Ah, quelle histoire! Mais alors quelle histoire que celle du peuple Mbum ! Il y a là de quoi inspirer un immense péplum hollywoodien en plusieurs séries. Tenez-en seulement cet épisode passionnant de Bouba Djouroum et la princesse de Nguew, conté par Olivier Boumane dans son chef-d’œuvre intitulé Les Mbum à la croisée des chemins, notamment dans son premier tome paru aux éditions Dinimber et Larimber sous le titre L’essence Mbum. Tout y est : amour, gloire et beauté, dans le sillage d’Antoine et Cléopâtre, pour exemple. Mieux encore, c’est Hector, c’est le père d’Hector, combattus et vaincus tous les deux par Achille, l’homme qui aimait leur sœur et fille : La guerre de Troie, de la divine Iliade d’Homère. Sauf que dans notre cas, qui pourrait tout aussi bien s’appeler « La guerre de Nguew », nous ne parlons pas de légende, mais d’une légende réelle, un conte vécu, pour ainsi dire, et c’est ce qui rend encore plus merveilleux l’histoire des Mbum.

Re-situons-nous dans l’espace et le temps : le Bélakaria Mbéré (i.e. la chefferie Mbéré) se trouve à Touldoro, un village de l’arrondissement de Touboro sur l’axe Mbaïmboum-Hankao-Mbang-Rey-Bélel-Ngaoundéré, au Cameroun. Les Mbéré sont un des multiples clans du grand peuple Mbum. Ils vivent sur cette terre depuis fort longtemps, plusieurs siècles avant Jésus Christ. Lorsque se produit cette histoire, nous sommes au XIXe siècle, précisément à l’époque du Bélaka Kirim, prince Mbéré qui a régné de 1850 à 1878. Les Peuhl arrivés de l’Afrique de l’Ouest comme de gentils bergers en quête de pâturages, à une époque relativement récente, furent accueillis tout aussi pacifiquement sur leurs terres par les Mbum. Mais bientôt les nouveaux arrivants vont se muer en conquérants. Ousmane Dan Fodio, depuis là-bas, a lancé le Djihad. Les Peulh ne laissent pas le choix aux Mbum : l’Islam ou la guerre, l’asservissement, l’esclavage… Richard Atimniraye Nyeladé et Alexis Bindowo le déplorent dans un passage rapporté par Olivier Boumane dans son ouvrage : « Arrivés en tant que pasteurs, et vivant en harmonie avec leurs hôtes, ils (les Peuhl) se sont brusquement transformés en guerriers après l'appel au jihad ou guerre sainte lancé par Ousman Dan Fodio au début du XIXe siècle. »

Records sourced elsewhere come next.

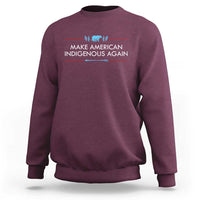 Make America Indigenous Again Sweatshirt Native Heritage Pride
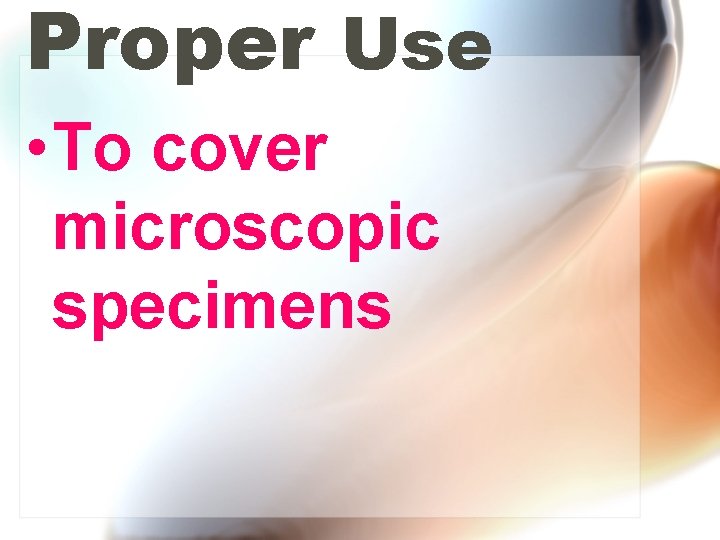 Proper Use • To cover microscopic specimens 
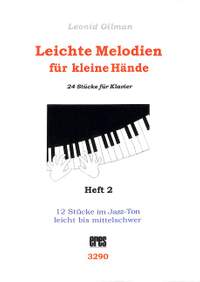 Gilman, L: Leichte Melodien für kleine Hände 2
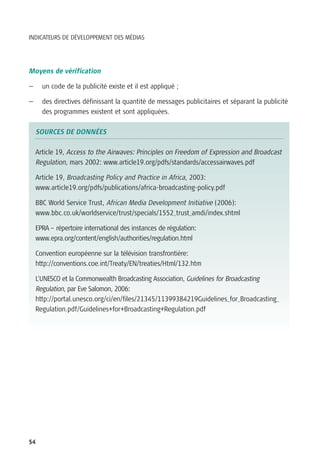 INDICATEURS DE DÉVELOPPEMENT DES MÉDIAS




Moyens de vérification

—     un code de la publicité existe et il est appliqué ;

—     des directives définissant la quantité de messages publicitaires et séparant la publicité
      des programmes existent et sont appliquées.

    SOURCES DE DONNÉES

    Article 19, Access to the Airwaves: Principles on Freedom of Expression and Broadcast
    Regulation, mars 2002: www.article19.org/pdfs/standards/accessairwaves.pdf

    Article 19, Broadcasting Policy and Practice in Africa, 2003:
    www.article19.org/pdfs/publications/africa-broadcasting-policy.pdf

    BBC World Service Trust, African Media Development Initiative (2006):
    www.bbc.co.uk/worldservice/trust/specials/1552_trust_amdi/index.shtml

    EPRA – répertoire international des instances de régulation:
    www.epra.org/content/english/authorities/regulation.html

    Convention européenne sur la télévision transfrontière:
    http://conventions.coe.int/Treaty/EN/treaties/Html/132.htm

    L’UNESCO et la Commonwealth Broadcasting Association, Guidelines for Broadcasting
    Regulation, par Eve Salomon, 2006:
    http://portal.unesco.org/ci/en/files/21345/11399384219Guidelines_for_Broadcasting_
    Regulation.pdf/Guidelines+for+Broadcasting+Regulation.pdf




54
 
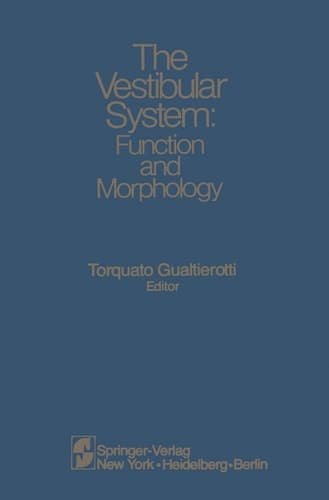 The Vestibular System Function and Morphology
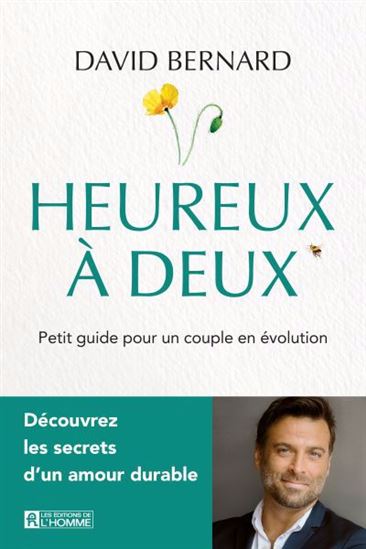 Heureux à deux : petit guide pour un couple en évolution - DAVID BERNARD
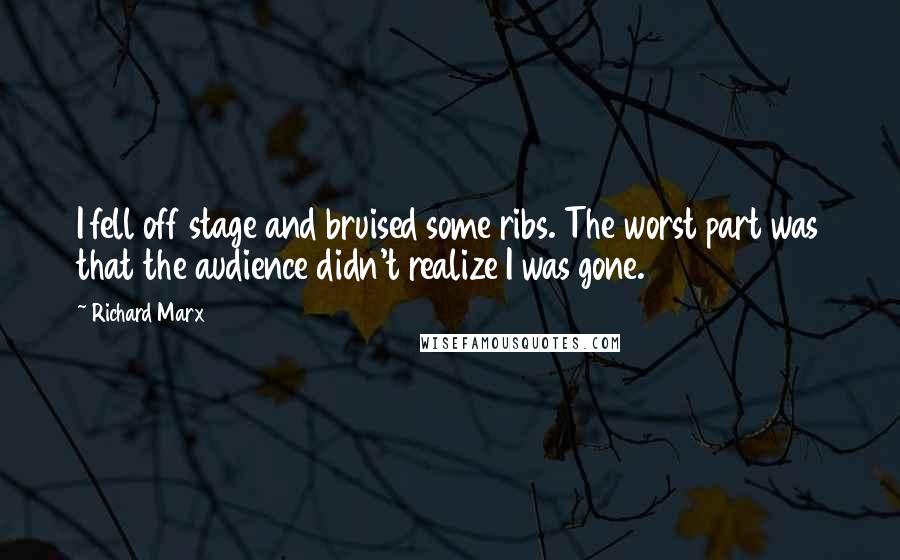 Richard Marx Quotes: I fell off stage and bruised some ribs. The worst part was that the audience didn't realize I was gone.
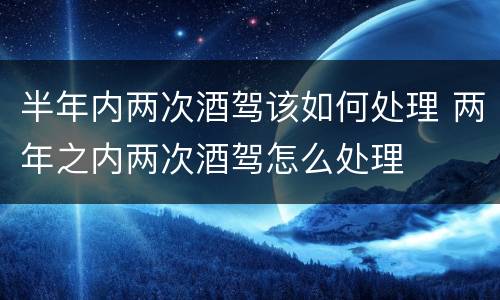 半年内两次酒驾该如何处理 两年之内两次酒驾怎么处理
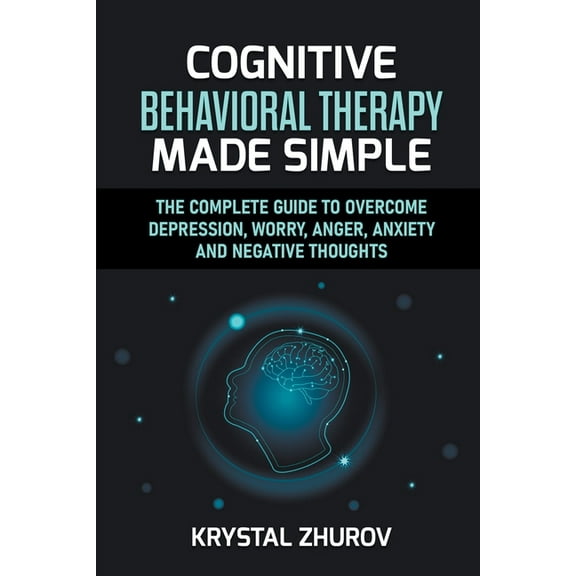 Cognitive Behavioral Therapy Made Simple: The Complete Guide to Overcome Depression, Worry, Anger, Anxiety and Negative , (Paperback)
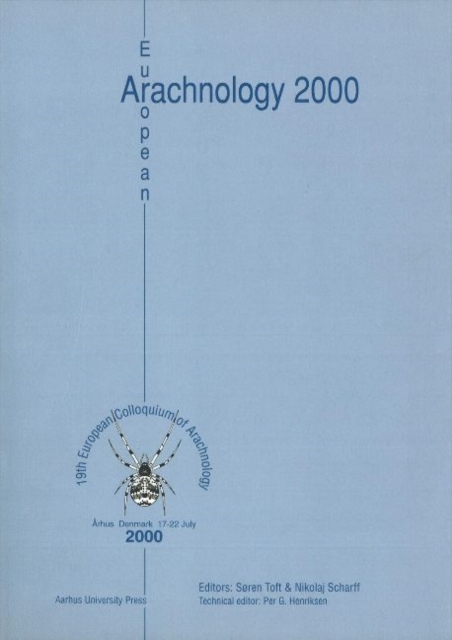 European Arachnology 2000 : 19th European Colloquium of Arachnology, Arhus 17-22 July 2000, Paperback / softback Book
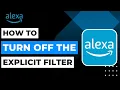 How to Turn Off the Explicit Filter on Alexa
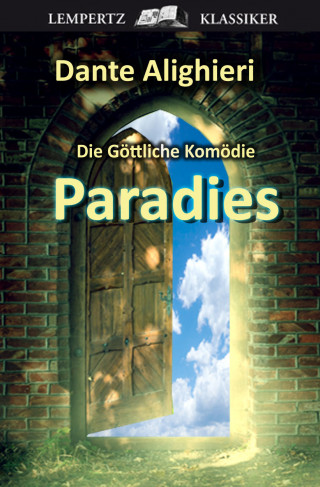 Dante Alighieri: Die Göttliche Komödie - Dritter Teil: Paradies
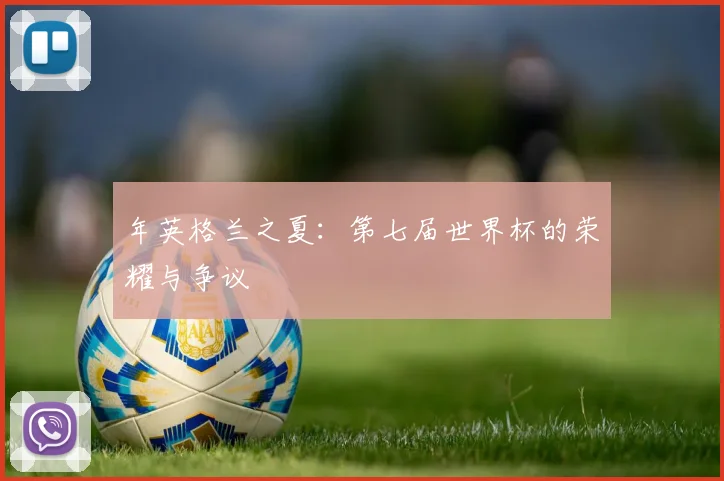 年英格兰之夏：第七届世界杯的荣耀与争议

Bien avant la guerre sainte, Olivier Boumane nous apprend que la cohabitation avec les Peuhl était déjà émaillée de conflits d’ordre foncier : « Le tout premier conflit que les Mbum eurent avec les Peuhl sur le plateau de l'Adamaoua à la première moitié du XIXe siècle [...] était relatif à la conquête des terres appartenant, bien entendu aux anciens occupants Mbum. Les Peuhl étant des éleveurs à la recherche des zones de pacage, y trouvèrent les Mbum. C'est pourquoi la notion de l'autochtonie de ces Mbum sur le plateau central du Cameroun et ses versants leur sied. [...] Les conflits agropastoraux ont contribué à la dispersion des Mbum et à leur émiettement en Afrique centrale. » C’est le lieu de préciser que les Mbum sont effectivement présents en Afrique centrale, mais aussi, d’après les textes de l’ONU, au Soudan, au Ghana, au nord-est du Nigéria, au Kenya, en République Démocratique du Congo, au Congo Brazzaville, en Centrafrique, au Tchad et au Cameroun.   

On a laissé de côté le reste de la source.